Marksist-Leninistler için nihai kertede aslî soru(n) anti-emperyalist, sosyalist mücadeleyken; “Bir emperyalist güce karşı verilen ulusal kurtuluş mücadelesinin, belirli koşullar altında, başka bir ‘büyük’ güç tarafından kendi emperyalist amaçları için kullanılabilmesi gerçeği de, sosyal demokrasiyi Ulusların Kendi Kaderini Tayin Hakkını tanımaktan alıkoyamaz,” der V. İ. Lenin ve ekler:
“Bir Marksist, ulusal hareketlerin tarihsel haklılığını, kesin olarak kabul eder. Ama bu kabul edişin, milliyetçiliği savunma biçimini almaması için, o, ulusal hareketlerde ilerici ne varsa sadece onu desteklemekle sınırlamalıdır; öyle ki, proleter bilinci, burjuva ideolojisi tarafından karartılmış olmasın.”
“Ezilmiş, eşit olmayan uluslar için, ayrım yapmaksızın, ayrılma özgürlüğü istiyorsak, bunu, ayrılmadan yana olduğumuz için değil, ama zoraki birlikten farklı olarak, yalnızca özgür, gönüllü birlikten ve kaynaşmadan yana olduğumuz için istiyoruz. Tek neden budur.”

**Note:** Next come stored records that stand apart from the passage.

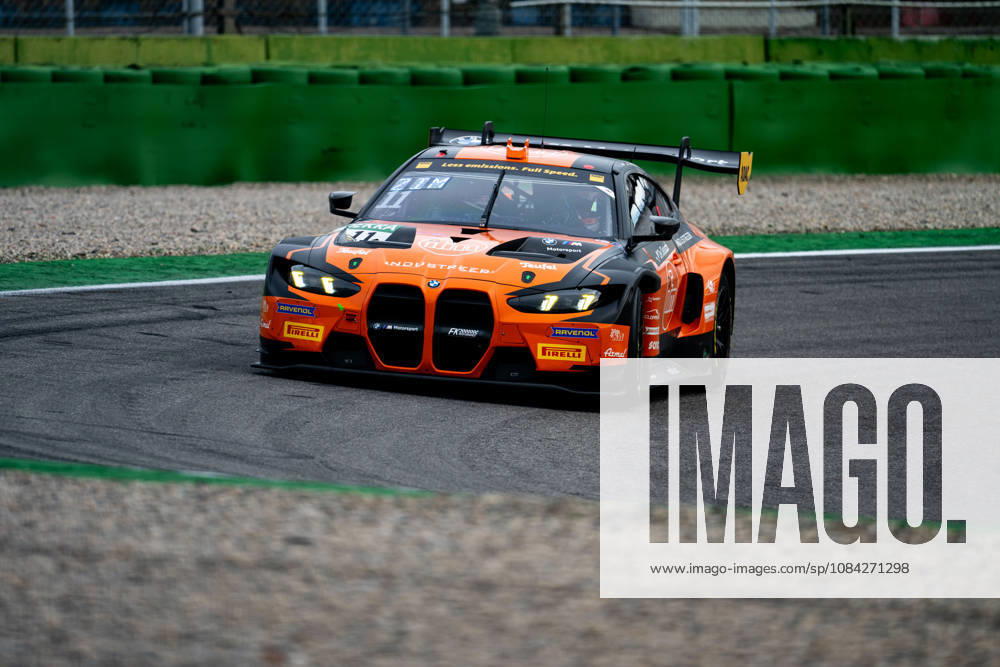 ADAC GT Masters, 11. + 12. Rennen Hockenheim 2026 11 BMW M4 GT3 Evo, FK Performance Motorsport: Leyton Fourie, Tim Zimmermann - picture by Gruppe C Photography Salzburg Salzburgring Germany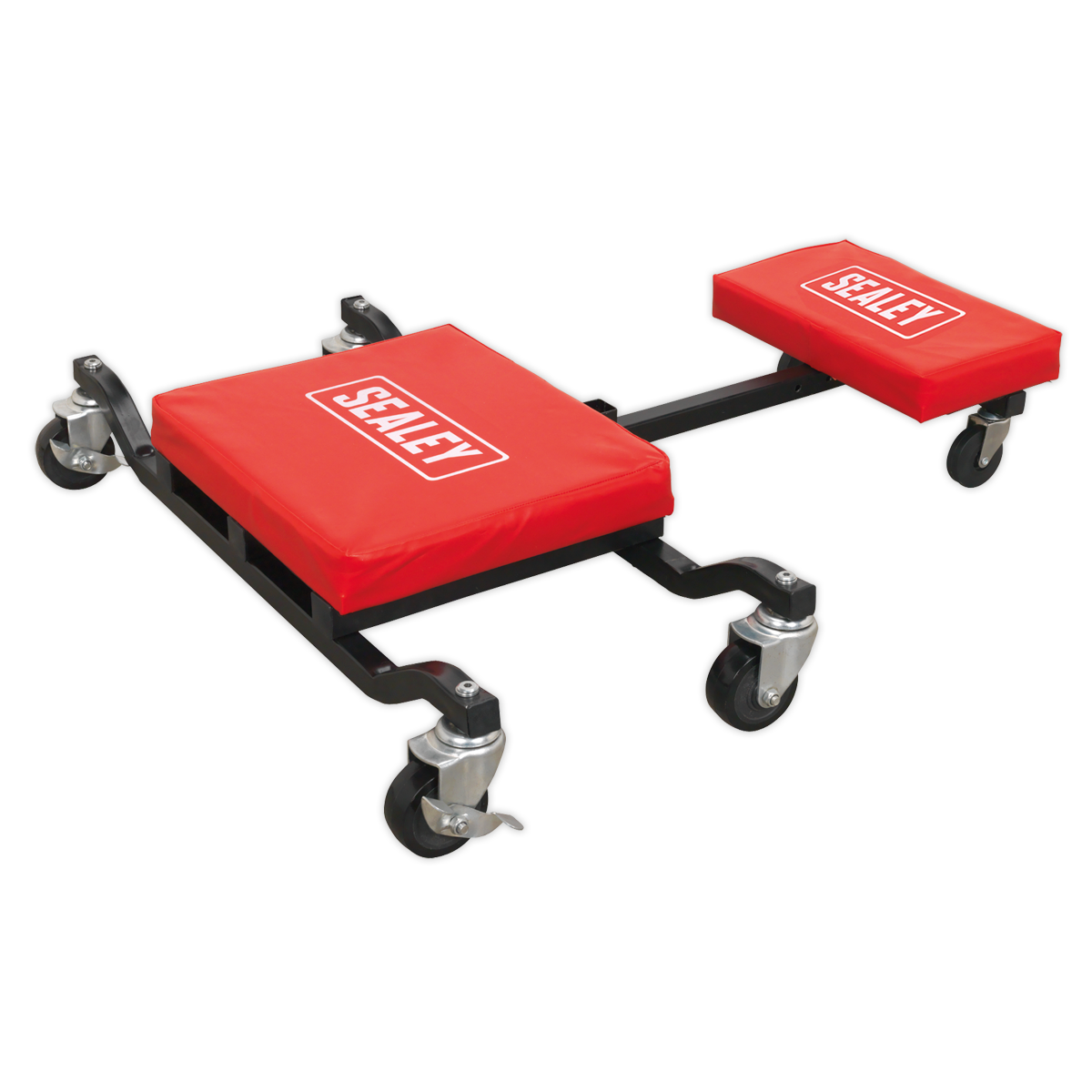 Sealey Low Level Creeper Seat & Kneeler With Powder Coat Paint Finish SCR85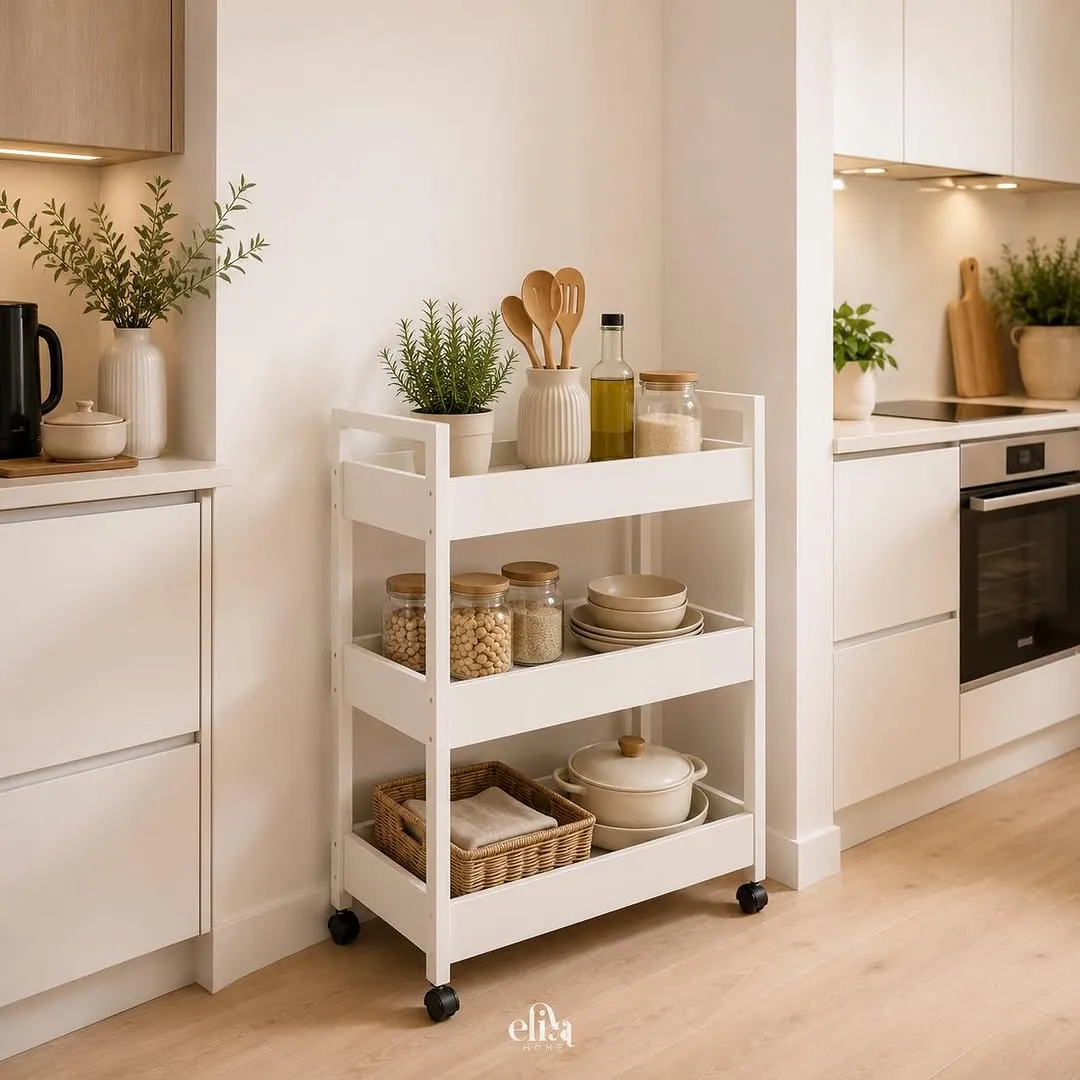 Bamboo Shelves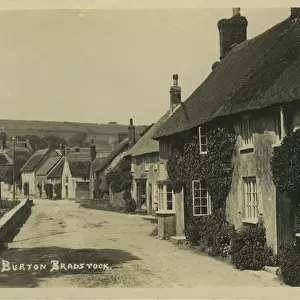 High Street, Burton Bradstock, Bridport, Dorset, England. Date: 1920s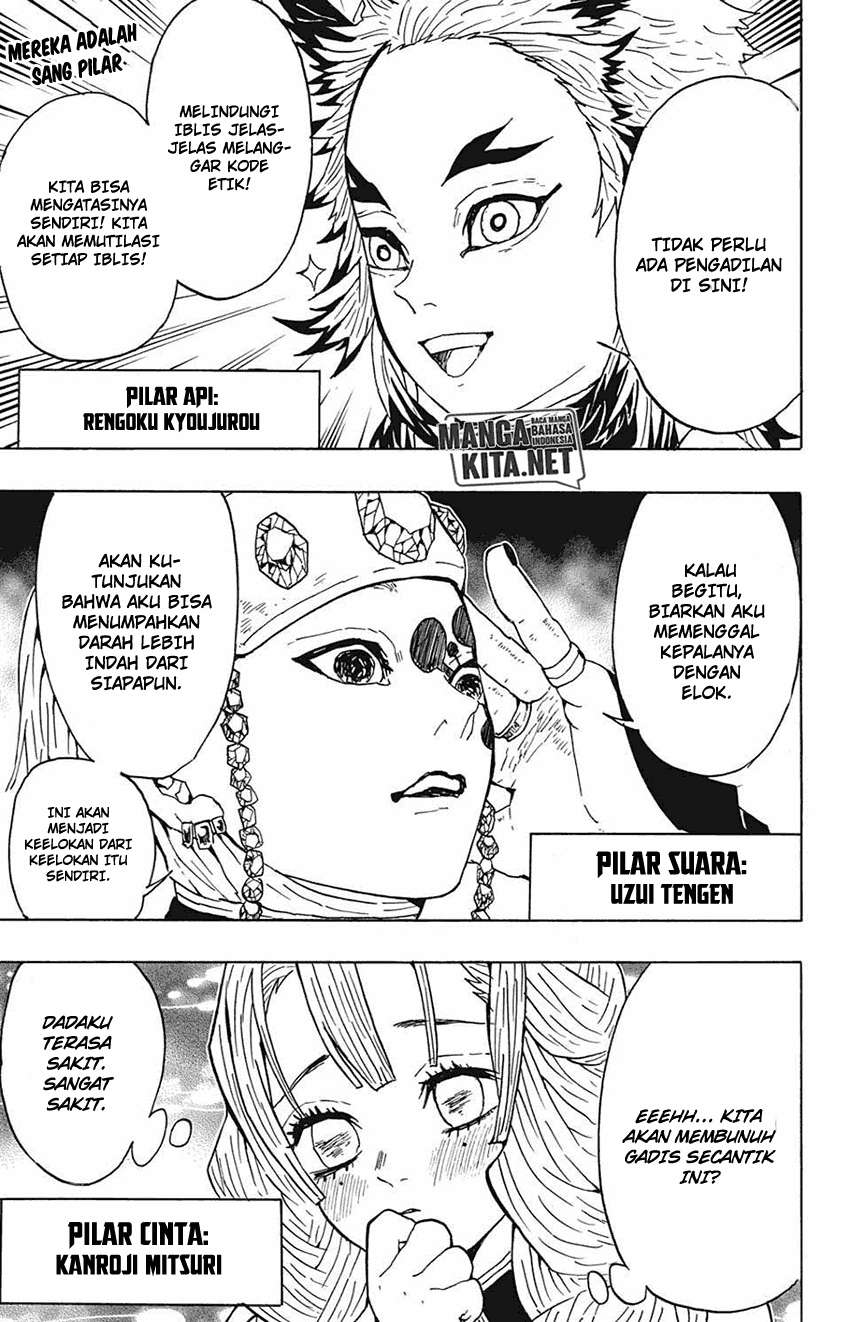 Kimetsu no Yaiba Chapter 45 Gambar 5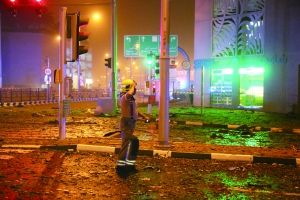 迪拜起火高楼火灾警报器未响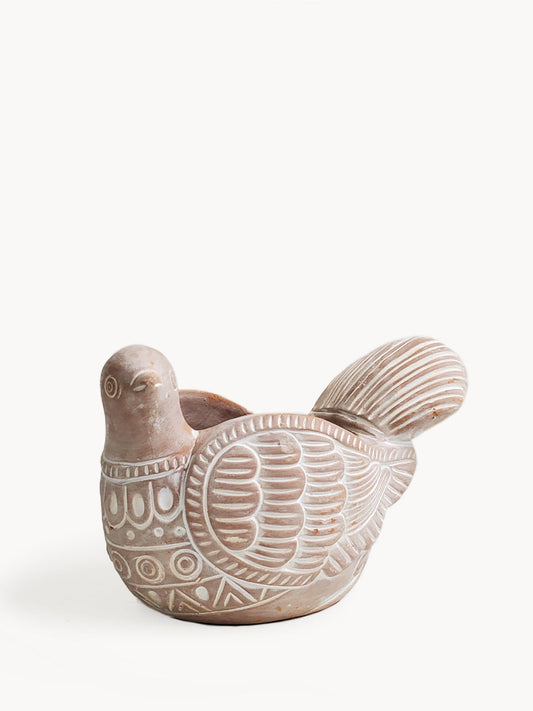Terracotta Pot - Turtle Dove-0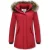 Matogla Winterjas met echte bontkraag slim fit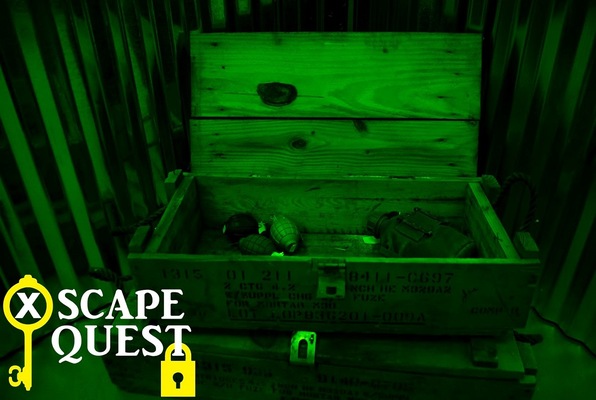 The Bunker (XscapeQuest) Escape Room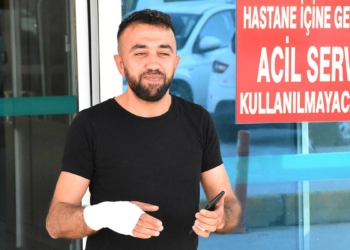 Sivas'ta acemi kasaplar hastanelere akın etti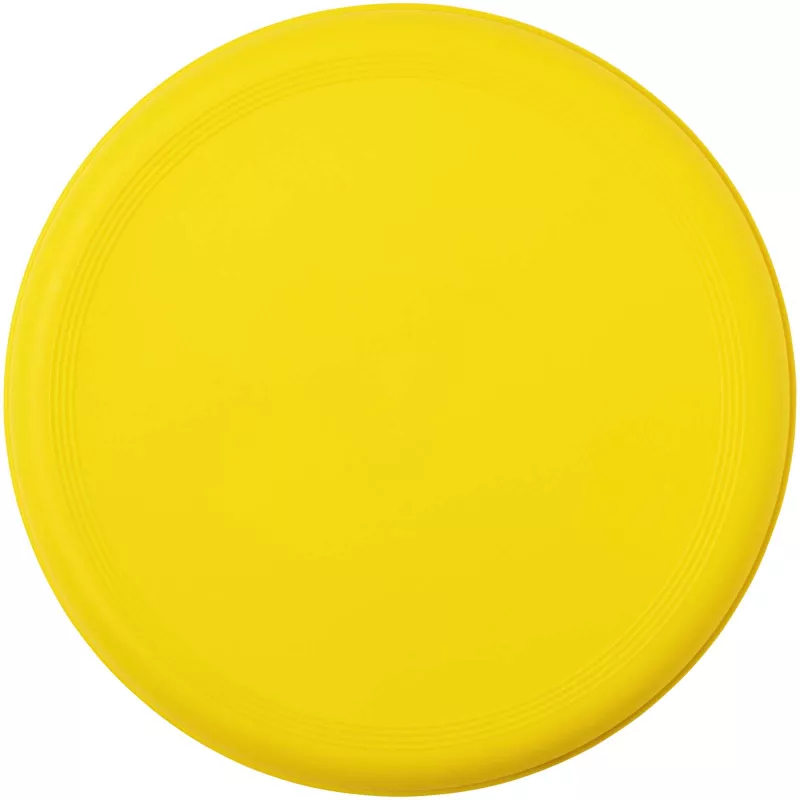 Orbit recycled plastic frisbee - Żółty (21048911)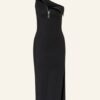 Coperni One-Shoulder-Kleid C+, Schwarz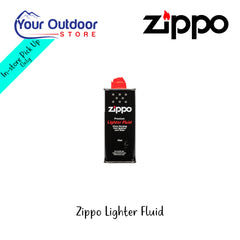 Zippo Lighter Fluid | Hero Image Showing All Logos Ad Titles.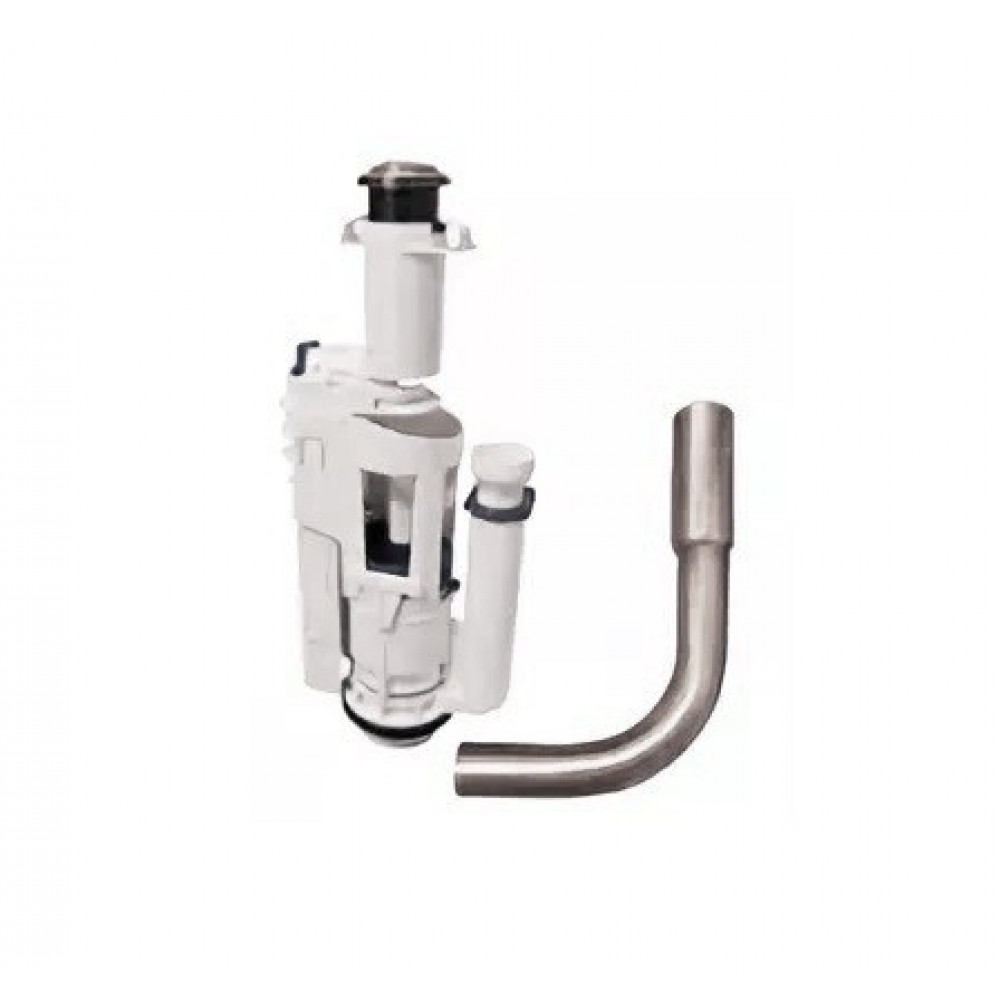 Смывной механизм, Globo, Paestum, цвет-хром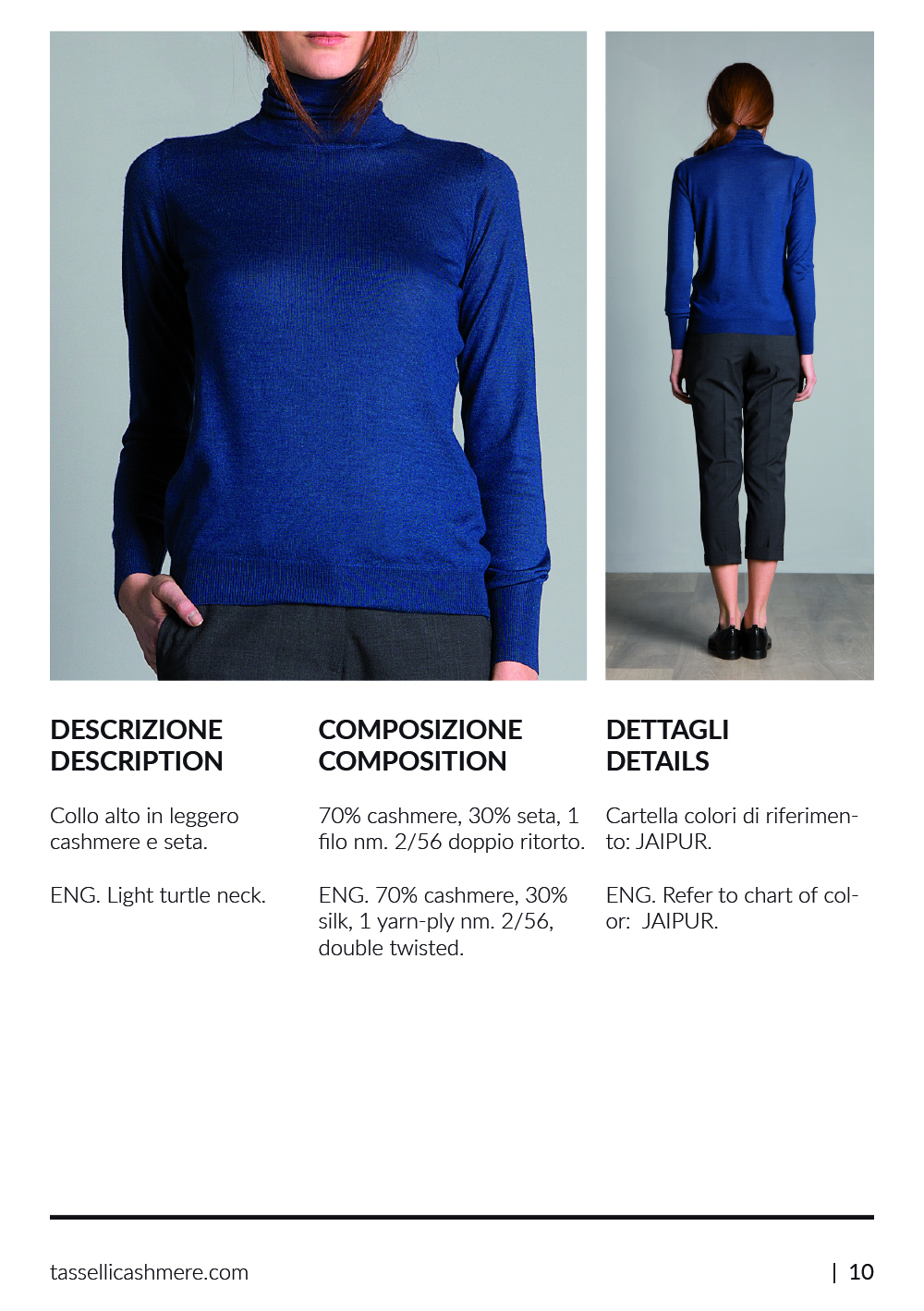 Tasselli: Catalogo Donna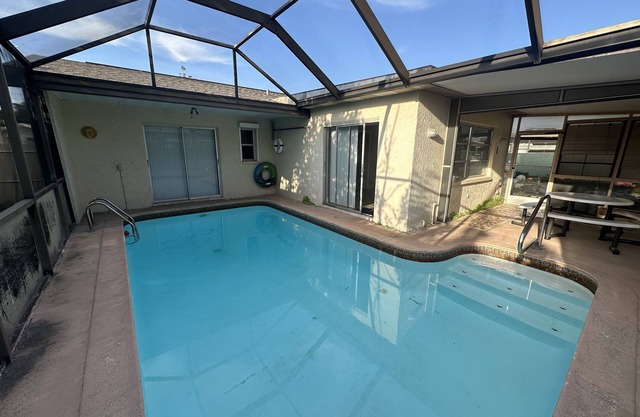 pool house near Hudson beach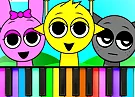 Sprunki Piano Explorer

Çünkü ulusal hareketler hâkim sınıfları soru(n)lar konusunda karar vermeye zorlar; V. İ. Lenin’in işaret ettiği üzere: “Ulusların kaderlerini tayin hakkı”, demokratik bir düzeni zorunlu kılar, öyle ki, bu düzende yalnızca genel olarak demokrasi ile yetinilmez, burada, özel olarak ayrılma sorununu demokratik olmayan yoldan çözüme bağlamak olanaklı değildir... Gericiler, bir demokratik oylamayla, çoğunluğu sağladıkları zaman, genellikle şu iki şeyden biri olur: ya gericilerin kararı uygulanır, ve bunun kötü sonuçları yığınları hızla ya da yavaş yavaş gericilere karşı demokrasiye doğru iter; ya da demokrasi ile gericiler arasındaki çatışma bir iç savaşla ya da benzeri bir şeyle çözüme, bağlanır.”
Özetle UKKTH, sınıf mücadelesi gerçeğinden soyutlanmış bir mutlaklık değildir; ezen ulusların sosyalistlerinin tavrını V. İ. Lenin şöyle formüle eder:[4]
“Eğer bir Rus (ezen ulus) Marksisti, (ezilen ulus) Ukraynalıların tam hak eşitliği isteğini ya da onların bağımsız bir devlet kurma hakkını bir an bile unutursa, yalnızca burjuva değil, ama aşırı gerici milliyetçiliğin bataklığına kaymış olur.”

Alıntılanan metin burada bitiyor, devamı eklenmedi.